Nemotron 3 Super: A Breakthrough in AI Model Architecture
In the ever-evolving landscape of artificial intelligence, the introduction of the Nemotron 3 Super model marks a significant milestone. This innovative model, detailed in the recent pre-print arXiv:2604.12374v1, showcases a hybrid Mamba-Attention Mixture-of-Experts architecture designed for agentic reasoning. With an impressive 120 billion parameters, of which 12 billion are actively utilized, the Nemotron 3 Super is engineered for high efficiency and effectiveness in processing and generating natural language.
Key Features of Nemotron 3 Super
The Nemotron 3 Super model is distinguished by several groundbreaking features that enhance its performance and usability:
- Pre-training in NVFP4: This is the first model in the Nemotron 3 family to be pre-trained using the NVFP4 framework, which optimizes the training process for better performance.

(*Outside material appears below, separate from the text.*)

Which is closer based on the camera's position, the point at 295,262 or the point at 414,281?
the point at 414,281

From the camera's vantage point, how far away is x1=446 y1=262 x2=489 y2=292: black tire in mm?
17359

- LatentMoE Architecture: The incorporation of LatentMoE represents a new Mixture-of-Experts architecture that focuses on maximizing accuracy per floating point operation (FLOP) and per parameter, thereby improving overall efficiency.
- MTP Layers for Inference Acceleration: The model includes MTP (Multi-Task Predictive) layers that facilitate inference acceleration through native speculative decoding, allowing for quicker response times.
Training and Performance Metrics
The training regimen for Nemotron 3 Super involved an extensive pre-training phase on 25 trillion tokens, followed by post-training methods that included supervised fine-tuning (SFT) and reinforcement learning (RL). This comprehensive training approach ensures that the model is well-equipped to handle a wide array of tasks effectively.
Upon completion of its training, Nemotron 3 Super achieved remarkable performance metrics, supporting context lengths of up to 1 million tokens. Additionally, the model has demonstrated competitive accuracy on various common benchmarks within the field of AI language processing.
Increased Inference Throughput
One of the standout achievements of Nemotron 3 Super is its enhanced inference throughput. The model exhibits up to 2.2 times higher inference throughput compared to the GPT-OSS-120B, and an impressive 7.5 times higher throughput compared to Qwen3.5-122B. This substantial increase in efficiency positions Nemotron 3 Super as a leading contender in the realm of AI models, making it a valuable tool for developers and researchers alike.
Open Source Availability
In keeping with the spirit of collaboration and transparency in the AI community, the datasets used for training Nemotron 3 Super, along with the base, post-trained, and quantized checkpoints, are made available as open-source on HuggingFace. This initiative allows other researchers and developers to explore and build upon the capabilities of this advanced model, fostering further innovation in the field.
Conclusion
The Nemotron 3 Super model represents a significant advancement in the development of AI language models, combining cutting-edge architecture with robust training methodologies. Its open-source nature and impressive performance metrics pave the way for future research and applications in agentic reasoning and beyond.